**HOW TO COMPLETE THIS TASK**
Write out, word for word, the part of the listing below that opens with the line containing "Bullet-Journal. 60 антистресс-техник." and closes with the line containing "Аварийно-спасательная служба", keeping both of those lines and adding no others.

**DATA**
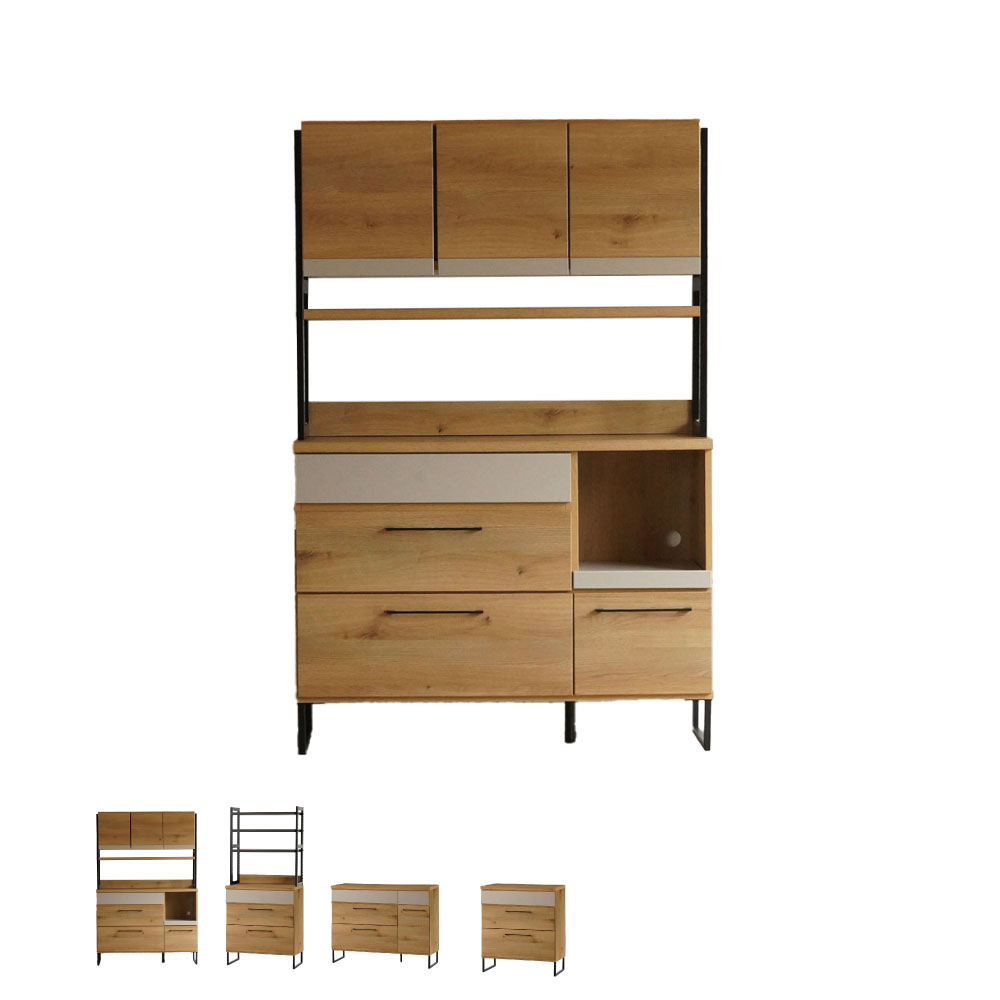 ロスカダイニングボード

==

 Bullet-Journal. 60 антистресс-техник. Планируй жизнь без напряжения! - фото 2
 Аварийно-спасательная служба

**OUTPUT BELOW**
 Bullet-Journal. 60 антистресс-техник. Планируй жизнь без напряжения! - фото 2
 Аварийно-спасательная служба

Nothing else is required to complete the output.